__WHAT YOU HAVE TO DO__
Every line from the start of the data through the line containing "Kintion miroir de" should be retyped exactly; the pictures should not.

-.-.-

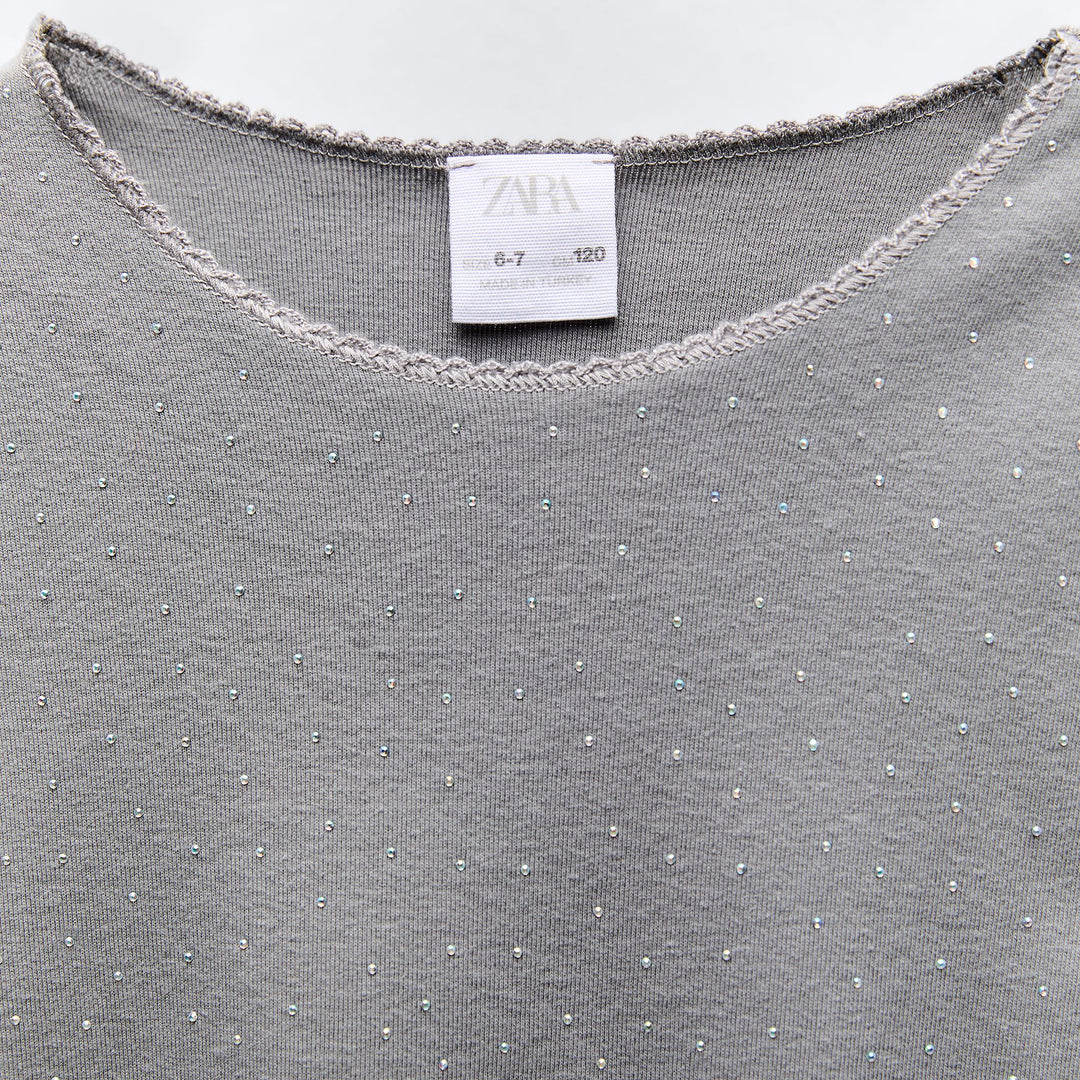 Moudda ZARA - T-shirt imprimé intégral, brillants et dentelle - Tunisie 3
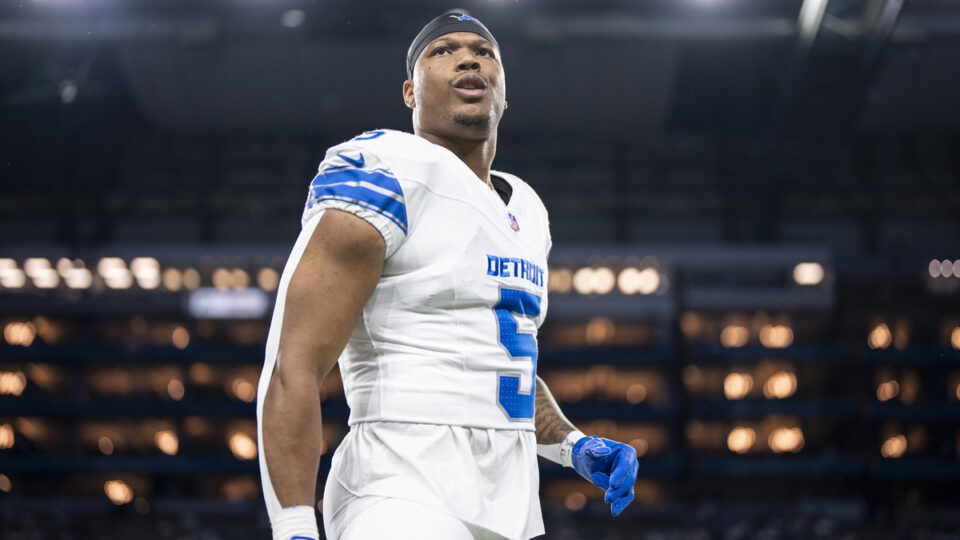 David Montgomery #5 of the Detroit Lions looks on prior to an NFL football game against the Dallas Cowboys at Ford Field on December 04, 2025 in Detroit, Michigan.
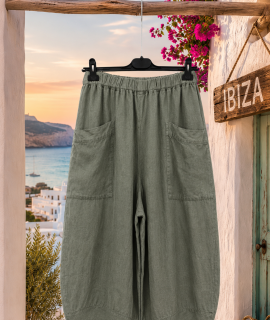 Boho broek linnen – Sky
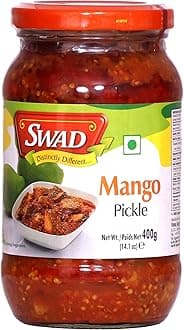Spicy Mango Pickle | Spicy & Tangy Aam Ka Achaar with Raw Mango Chunks | Homemade Tangy & Spicy Aam Achaar Mixed with Corn Oil | 400g (Pack of 1)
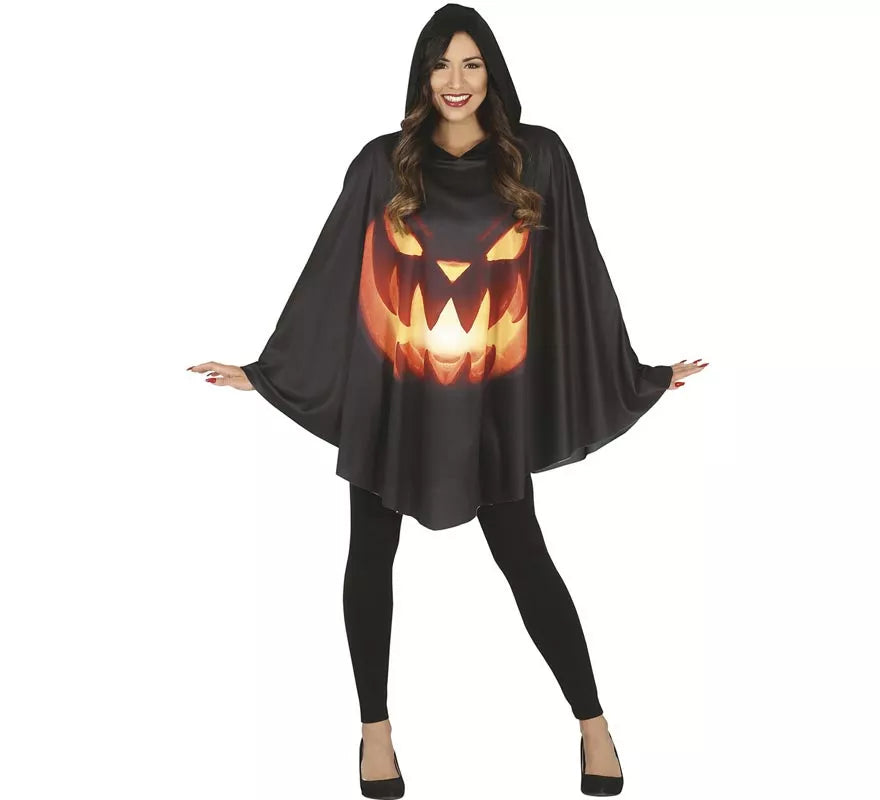 Translation missing: fr.Disfraz de Calabaza en Poncho Negro para mujer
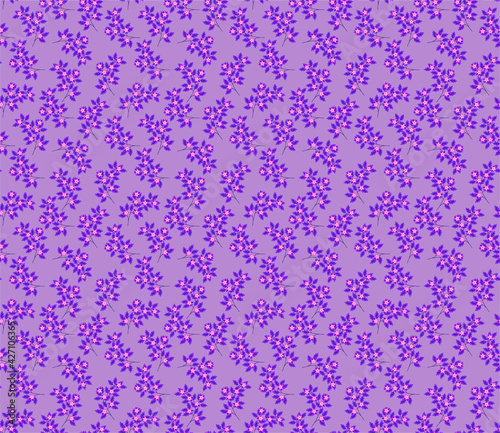 Vector stylish floristic pattern with decorative small flowers and leaves. Vintage background and print for textiles and fashion accessories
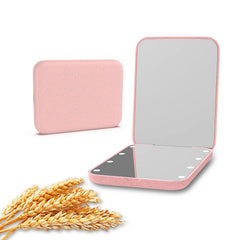 Kintion miroir de poche en paille de blé 1x3x: pratique en déplacement.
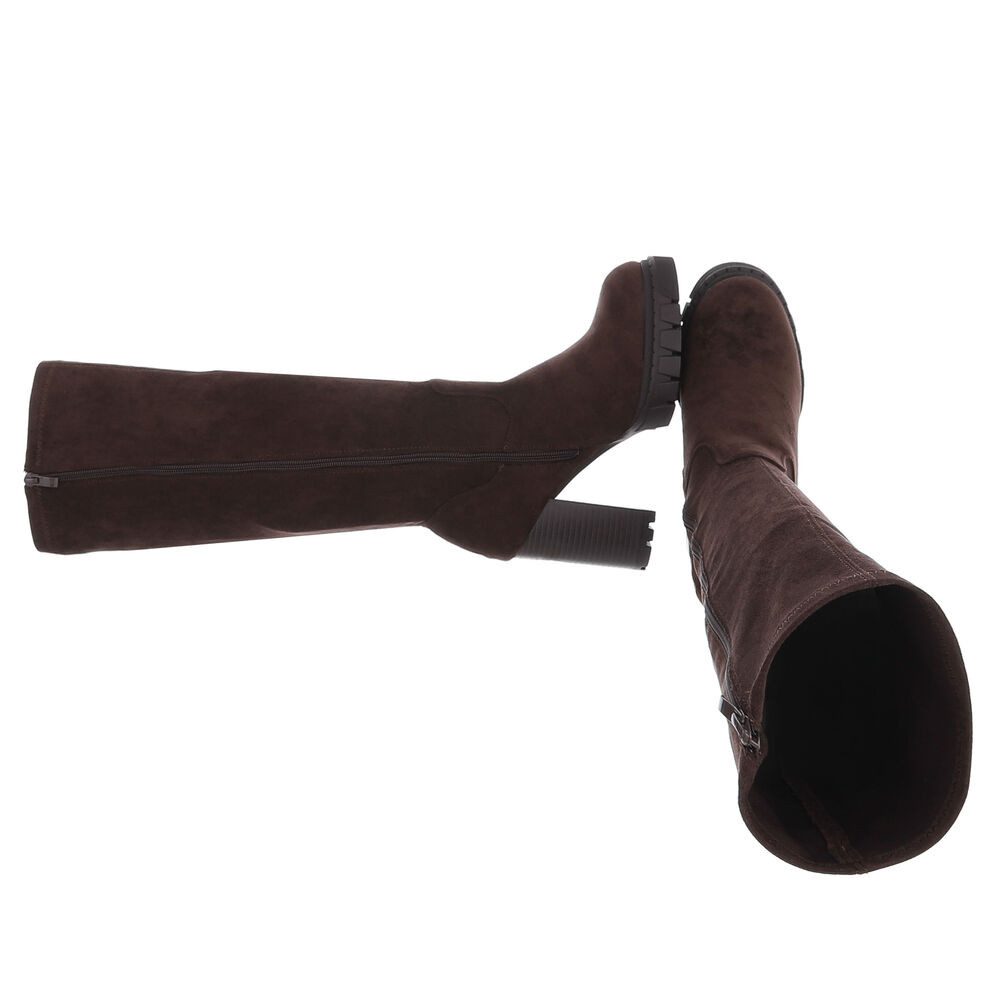 Ital-Design Damen kniehoher Stiefel mit Blockabsatz und Profilsohle High-Heel-Stiefel (92002403) Blockabsatz Stiefel in Braun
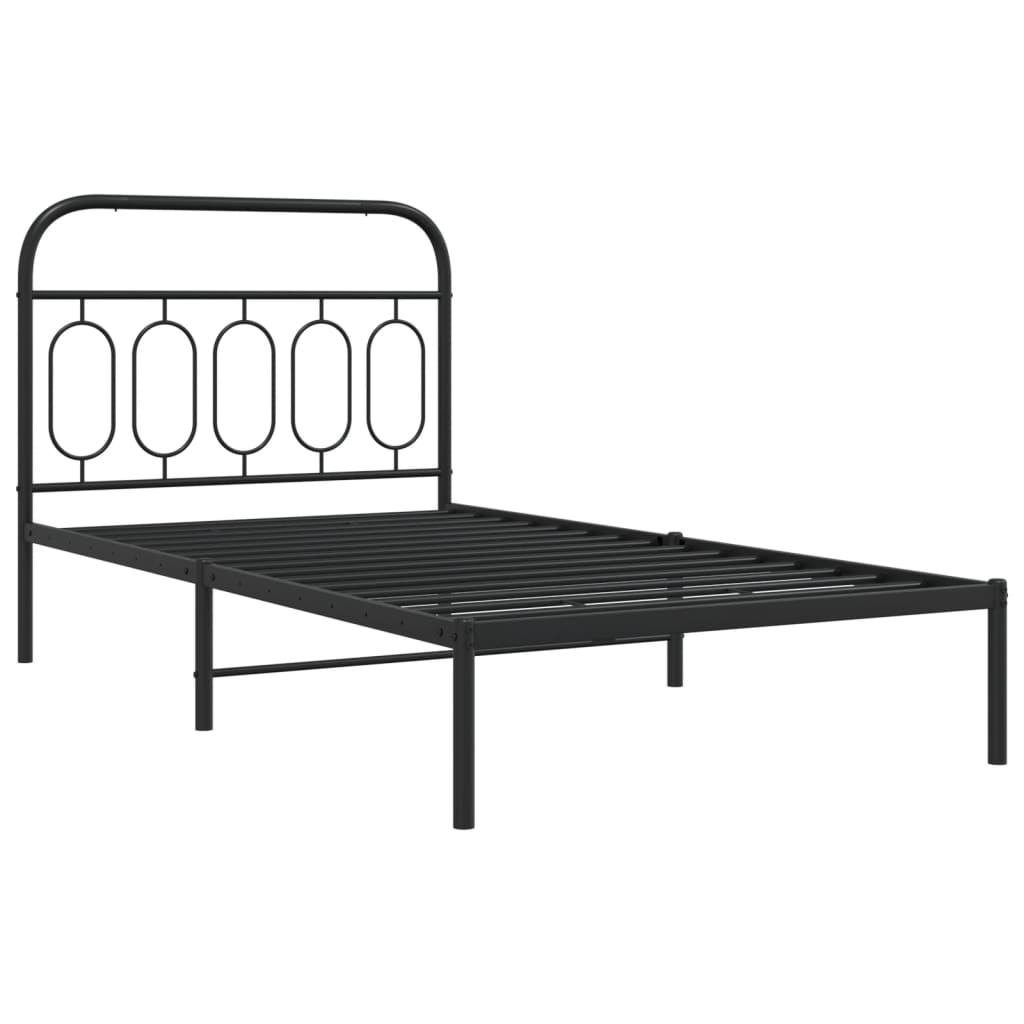 Bedframe met hoofdbord metaal zwart 100x190 cm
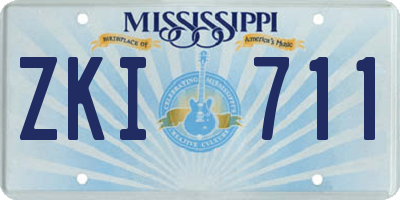 MS license plate ZKI711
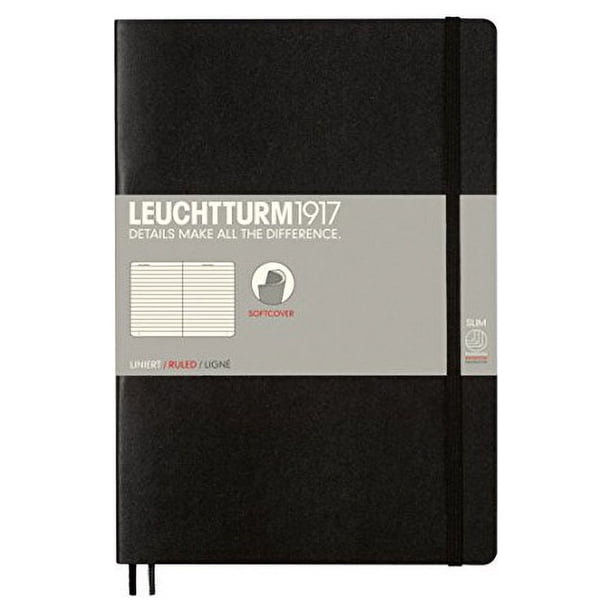 LEUCHTTURM1917 - Cuaderno de tapa blanda con rayas B5 de composición (negro) - 123 páginas numeradas
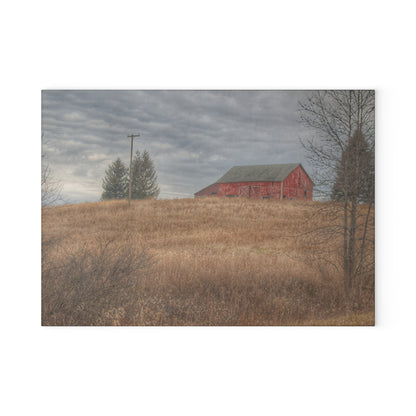 U R There Photography Grey Road Hillside Red I Rustic Farmhouse Tempered-Glass Cutting Board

-.-.-

__RESPONSE BELOW__
 Moudda ZARA - T-shirt imprimé intégral, brillants et dentelle - Tunisie 3
 David Montgomery #5 of the Detroit Lions looks on prior to an NFL football game against the Dallas Cowboys at Ford Field on December 04, 2025 in Detroit, Michigan.
 Boho broek linnen – Sky
Spicy Mango Pickle | Spicy & Tangy Aam Ka Achaar with Raw Mango Chunks | Homemade Tangy & Spicy Aam Achaar Mixed with Corn Oil | 400g (Pack of 1)
 Translation missing: fr.Disfraz de Calabaza en Poncho Negro para mujer
 Vector stylish floristic pattern with decorative small flowers and leaves. Vintage background and print for textiles and fashion accessories
 Kintion miroir de poche en paille de blé 1x3x: pratique en déplacement.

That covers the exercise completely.